Systemic lupus erythematosus
SLE is inflammatory multisystem disorder with arthralgia and rashes as the most common clinical features. This condition is 9 times more common in women than in men with a peak age of onset between 20-40 years. Loss of self tolerance has several consequences there is impaired T-cell regulation on immune system leading to immune deficiency. Oral manifestation is oral ulceration.
Neutropenia is defined as circulatory neutrophil count below 1.5 ×109 /L. Acquired causes may be viral infections, severe bacterial infections, immune nurtopenia (autoimmune neonatal netropenia) inherited causes are ethnic (common in black races), cyclic neutropenia(genetic defect with neutropenia every 2-3 weeks)
Frequent infections, often serious, characteristic glazed mucositis and oral ulcerations are common.
Is a multisystemic disorder of unknown aetiology characterised by non-caseating granulomas in many tissues and organs. It is commonly affects young adults and usually presenting with bilateral hilar lymphadenopathy, pulmonary infiltration and skin or eye lesions. There is depresses cell mediated reactivity and overall lymphopenia. Circulating T lymphocytes are low but B cells are slightly raised.

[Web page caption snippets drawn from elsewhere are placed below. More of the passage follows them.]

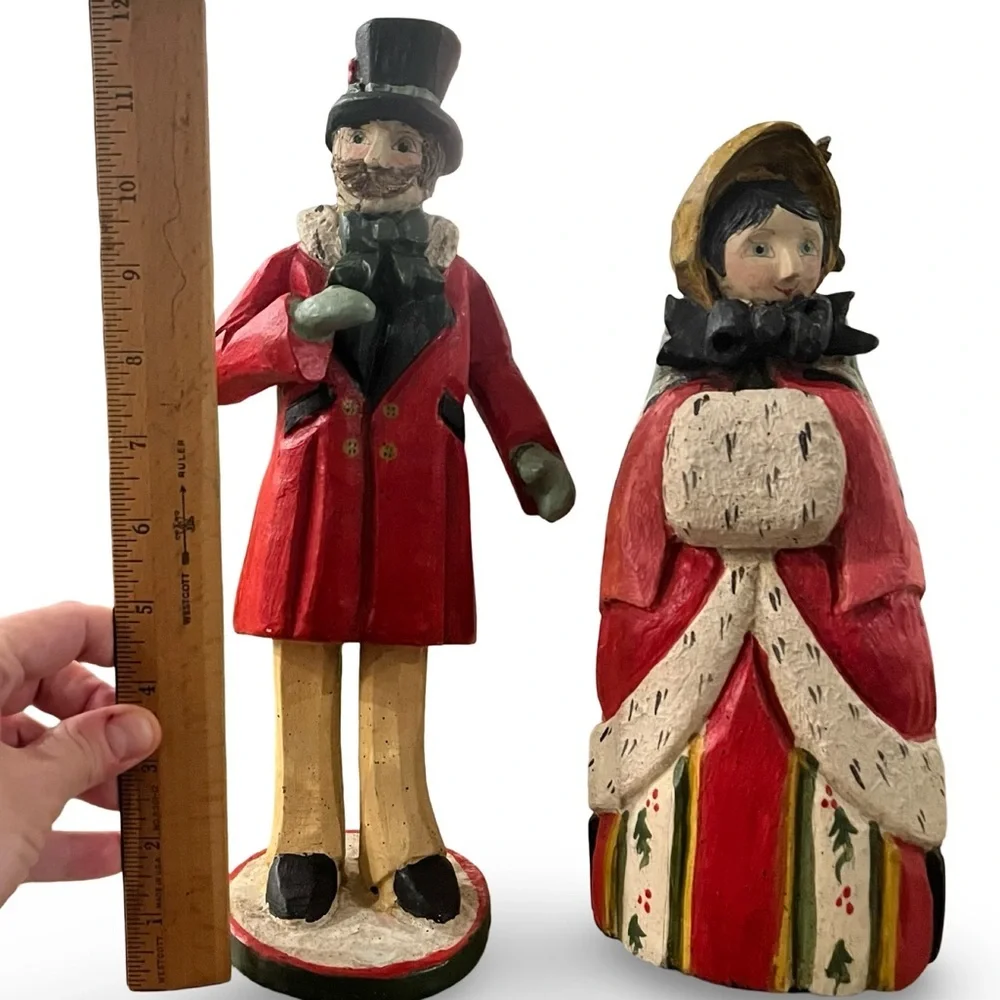 House of Hatten Vintage Victorian Caroler Couple 12” Scale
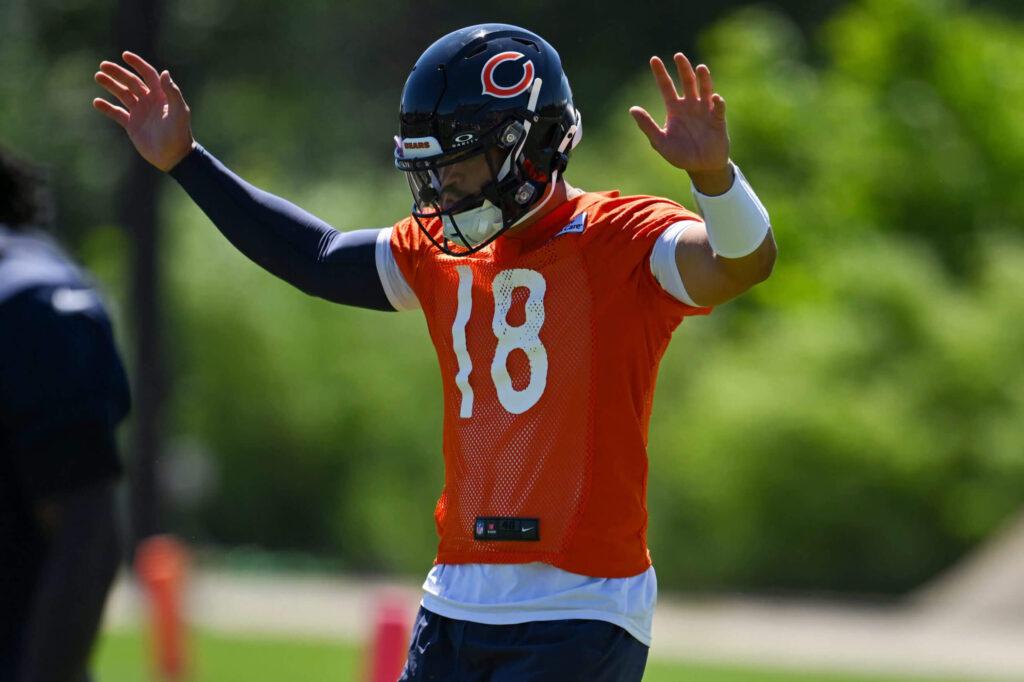 Bears Camp: Caleb Williams steps in on first scuffle, scores rushing TD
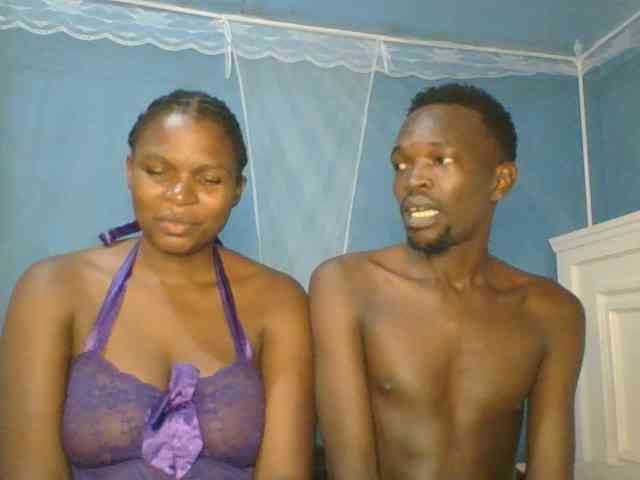 Shadia45 webcam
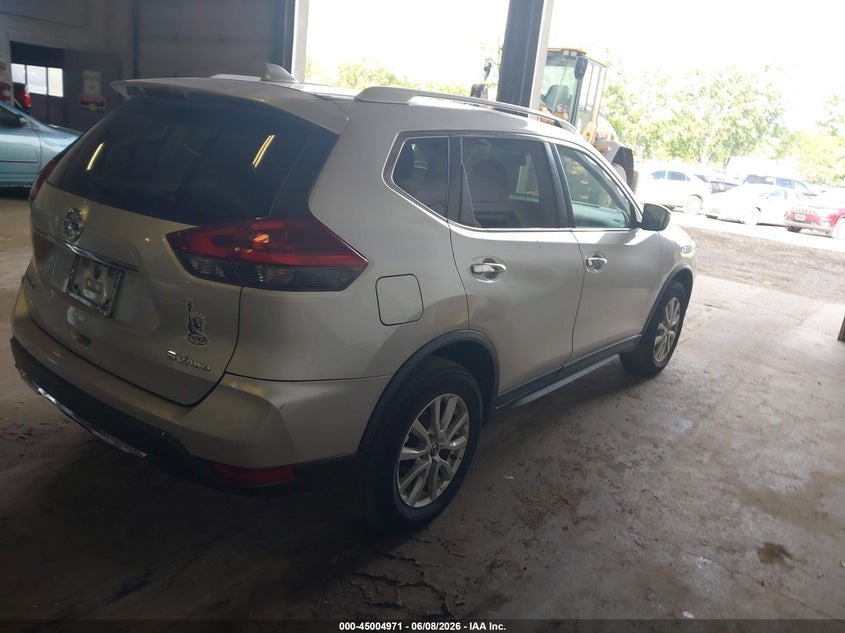 VIN KNMAT2MV9JP529551 2018 NISSAN ROGUE SV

Lip swelling, gingival and palatal nodules can occur. Unilateral or bilateral parotitis with painful enlargement occur in less than 10% of patients and some go on to develop xerostomia. Combined uveoparotid involvement is described as Mikulicz syndrome.

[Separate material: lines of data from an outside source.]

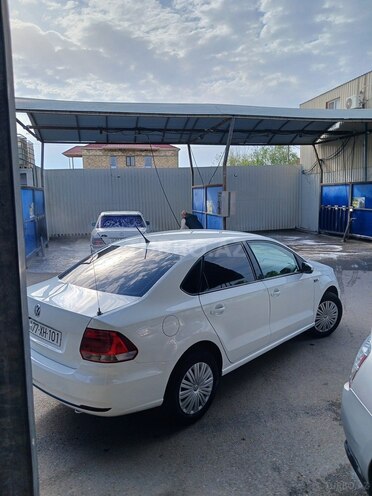 Volkswagen Polo 2019, 220,000 km - 1.6 l - Bakı
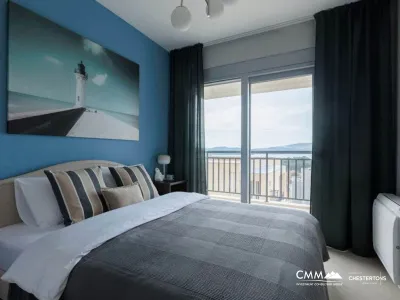 Tivat'ta yeni eşyalı daire.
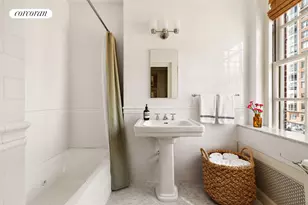 137 E 66th St, New York City, NY 10065 - Photo 15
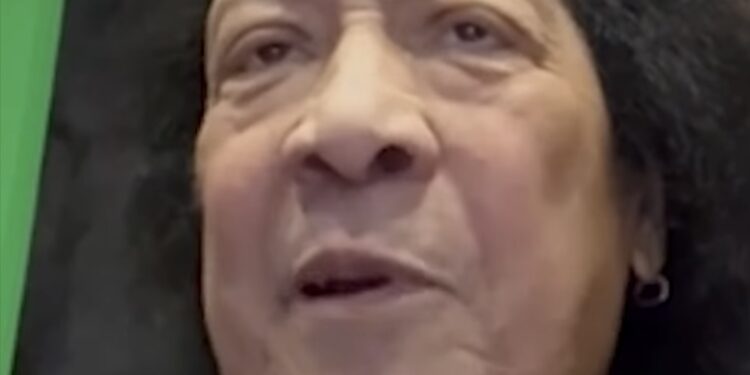 James Senese si scusa per l’incidente con Borrelli: “Mia figlia ha sbagliato”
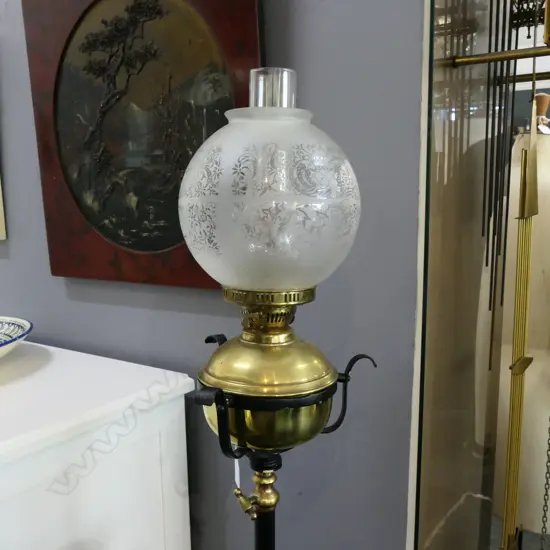 VICTORIAN FLOOR STANDING KEROSENE LAMP. H.1530mm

Sickle cell disease is an autosomal dominant condition. Hb S result from a single base mutation of adenine to thymine which produces a substitution of valine for glutamate at sixth cordon of the β globulin chain. Sickling off cell under low O2 concentration , resulting a short red cell survival. Ther is increased blood viscosity and reduced blood flow result in thrombosis and infarction with chronic haemostasis. There is reduced immunity and low Hb levels. Infections are common in tissues susceptible to vaso occlusion.
E.g. bones, lungs, kidney
Oral manifestations are
· Pallor of mucosa with jaundice
· Delayed eruption
· More prone to osteomyalitis
· Parasthesia of mental nerve
· Bimaxillary proclination , high cheek bones
Some of the important immunodeficiency conditions which were discussed above with related oral disease conditions are important in several ways for the dental practitioner. Early diagnosis, appropriate referrals and management of oral complications of these conditions are the important duties that dental practitioner must deal with.